Mosca ha anche rivendicato il ruolo delle proprie forze armate nella lotta contro gli uomini di Al Baghdadi. Dall’inizio dei raid lo scorso 30 settembre, ha spiegato Rudskoi, si sono significativamente ridotte per lo Stato islamico le entrate provenienti dal contrabbando di petrolio.

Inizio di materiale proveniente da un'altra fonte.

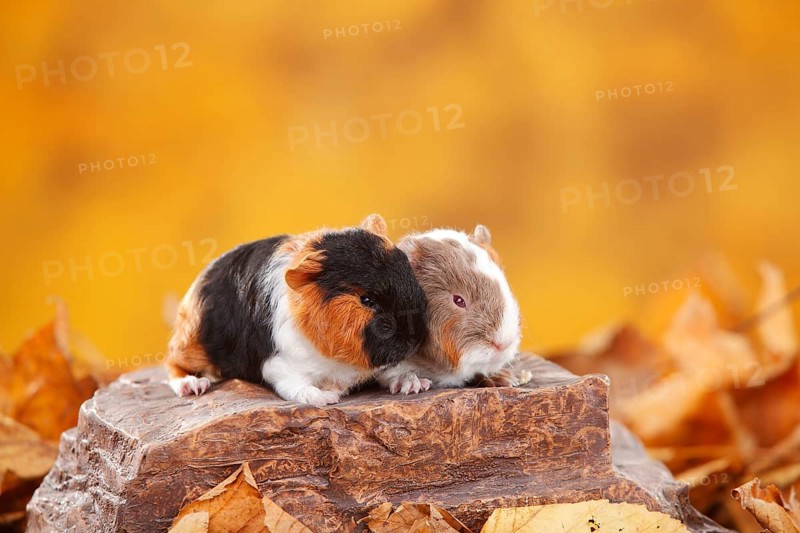 CH-Teddy guinea pigs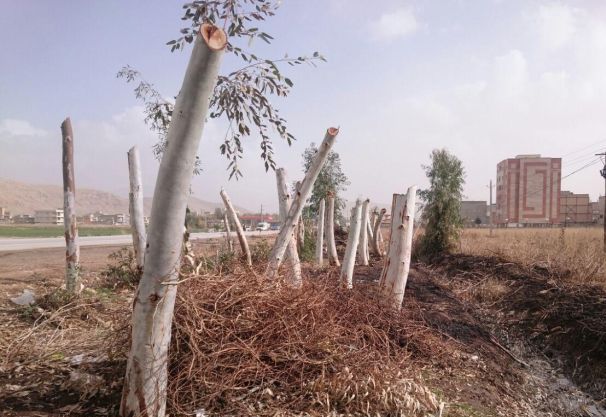 رد پای افراد سود جو در هرس ناشیانه درختان حاشیه شهر / وقتی چهره سبز شهرستان تاریک می شود 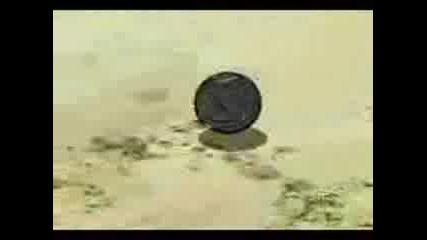 Bakugan New Vestroia Episode 32 Shadow Attack Hq Part 2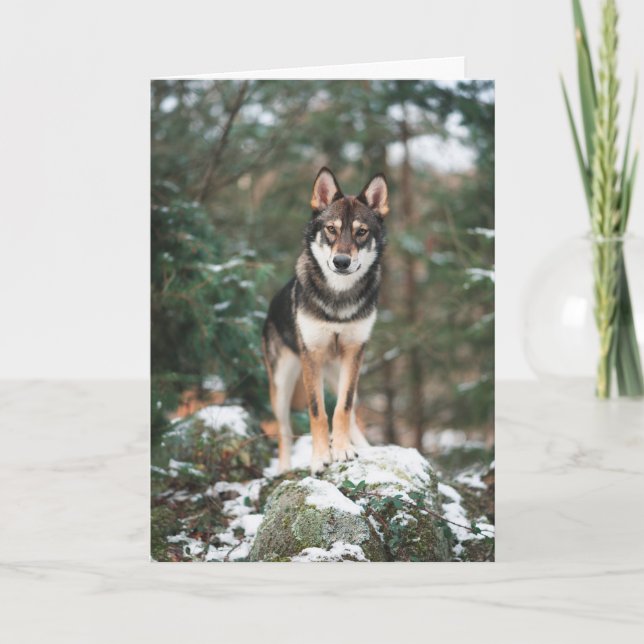 Cartão De Agradecimento Wolfdog (Frente)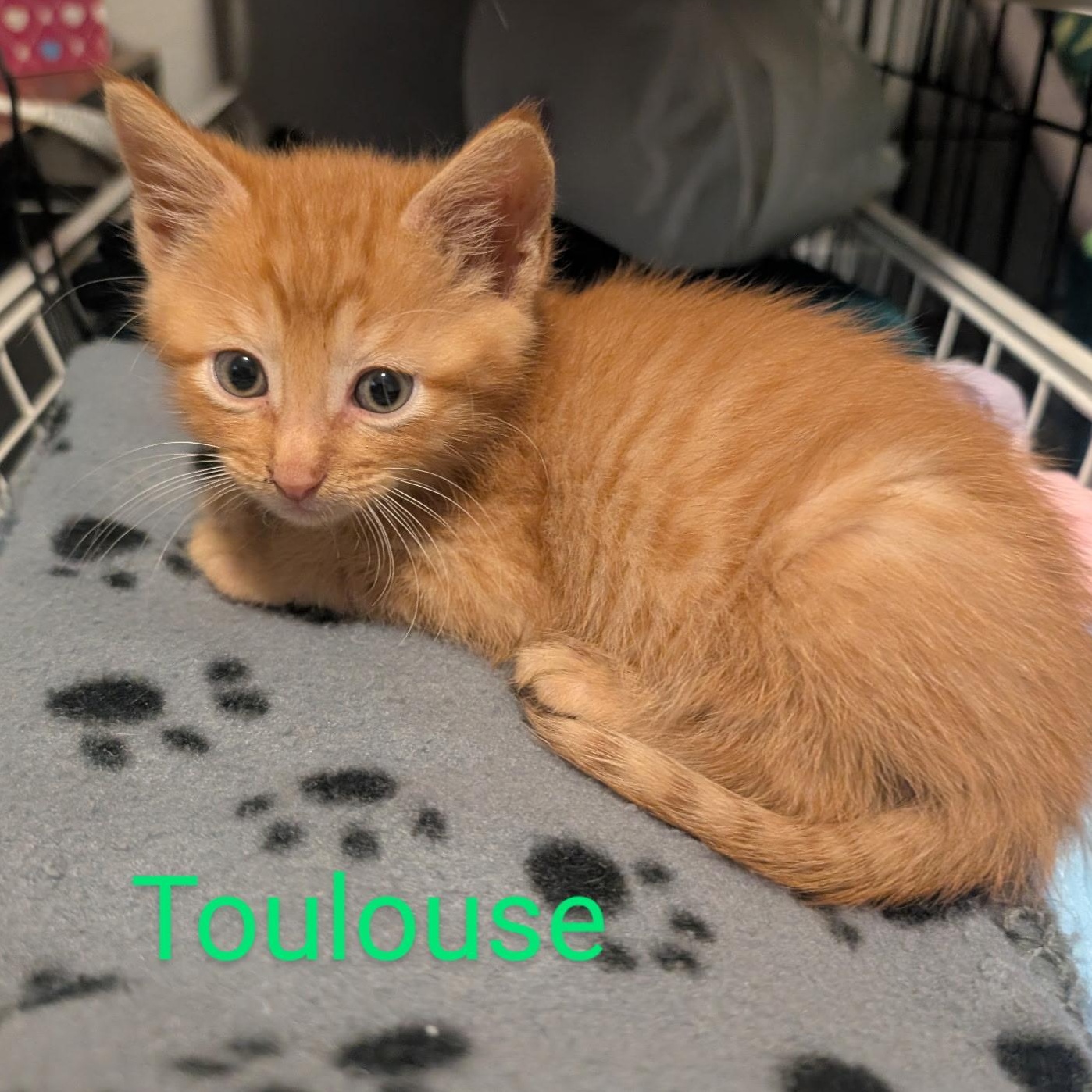 Toulouse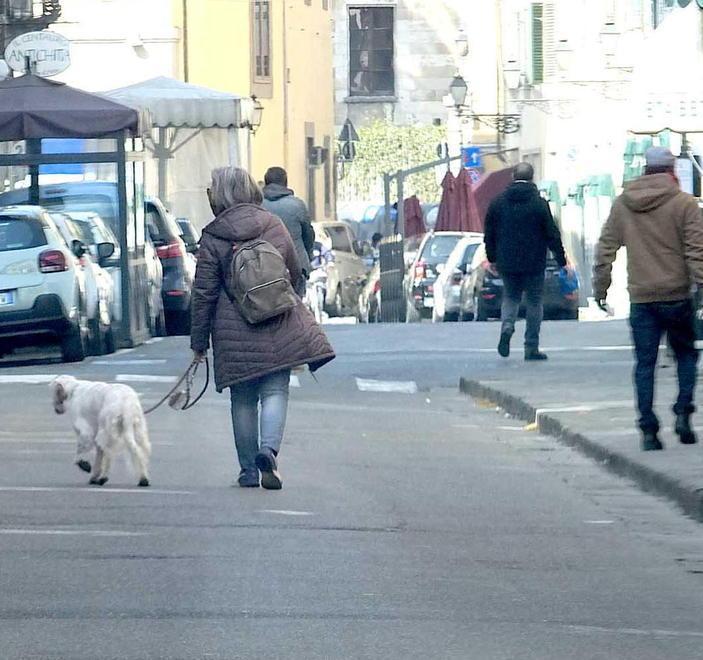 Più aumentano i contagi, più sono gli sos per gli animali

Fino a due mesi fa “le entrate per questa organizzazione terroristica erano di 3 milioni di dollari al giorno, oggi sono di circa 1,5 milioni“, ha affermato il vice capo di Stato maggiore. “Negli ultimi due mesi sono stati distrutti 32 raffinerie di petrolio, 11 impianti petrolchimici, 23 complessi per il pompaggio del petrolio e 1.080 autocisterne“, ha detto Rudskoi.

Che ha puntato anche il dito contro gli Stati Uniti e la coalizione internazionale che da mesi bombarda in Siria e in Iraq, colpevole di aver “triplicato il numero di droni” ma di non colpire le autocisterne e le infrastrutture dell’Isis in Siria per la produzione e il commercio del petrolio.

I rapporti tra i due Paesi si fanno ancora più tesi, ma da Mosca arriva una prima apertura: Lavrov, capo della diplomazia del Cremlino ha detto che la Russia “non è contraria” a un incontro con il ministro degli Esteri turco a Belgrado a margine del vertice Osce del 3-4 dicembre come proposto da Ankara “in maniera insistente”.